Option Paralysis


Here we are in the most technically advanced and prosperous period in all of recorded history. And I live in one of the wealthiest cities on the planet, in a wealthy province, in a wealthy country. Exotic foods from all over the world are sold at my local supermarket. Textiles, gems, spices, great works of art – all are available at the mall down the street. We live like kings and queens here.

So why do we complain?

Like Louis CK said on TV one night, “Everything is amazing right now, and nobody’s happy.

Then there’s dating. A hundred years ago, when you got old enough to date, there were about 3 or 4 eligible singles to choose from within a day’s hard riding. You had to get married (because that’s what everyone did), and you said your vows, and you stayed together until one of you died. And you were probably happy with that, because, what other options were there?

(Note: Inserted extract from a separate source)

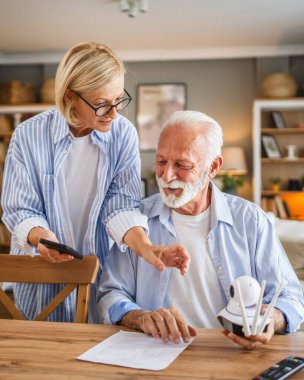 Üst düzey çiftler, güvenlik kameralarını ayarlayın.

Now you can date people from anywhere in the world. There’s no end of options. Dating websites have thousands of great singles looking for someone just like you. It’s awful, because none of them are a perfect fit. Either I don’t want to date them, or they don’t want to date me.

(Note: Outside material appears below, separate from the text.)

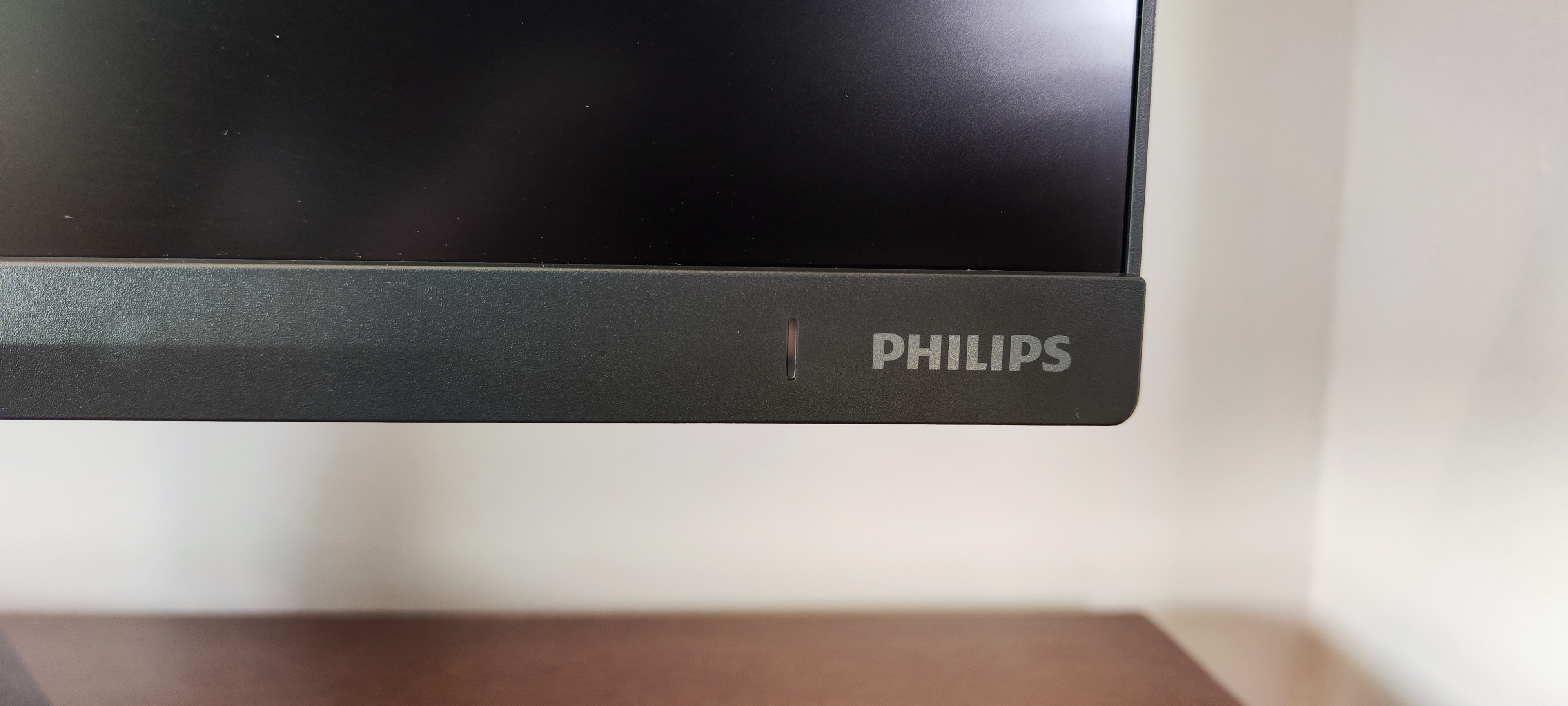 Philips Evnia 25M2N5200P 6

With thousands of options to choose from, why settle for less than perfection? So, a lot of us stay single for a long time, or go from relationship to relationship, or get married for five years and then go through a messy divorce.

Why?

We didn’t have these problems when we had no options. Now it doesn’t matter who you pick, you know there will always be someone better that you could have had if you’d only waited another week. So we end up regretting the one we got, and looking at all the others, and pretty soon we’re divorced and dating again. And because divorce is so common now, it’s acceptable, which means you don’t have to work at fixing the relationship you’re in – you can just throw your husband’s crap out the front door, change the locks, and go date the guy from Accounting while cleaning out your joint bank account.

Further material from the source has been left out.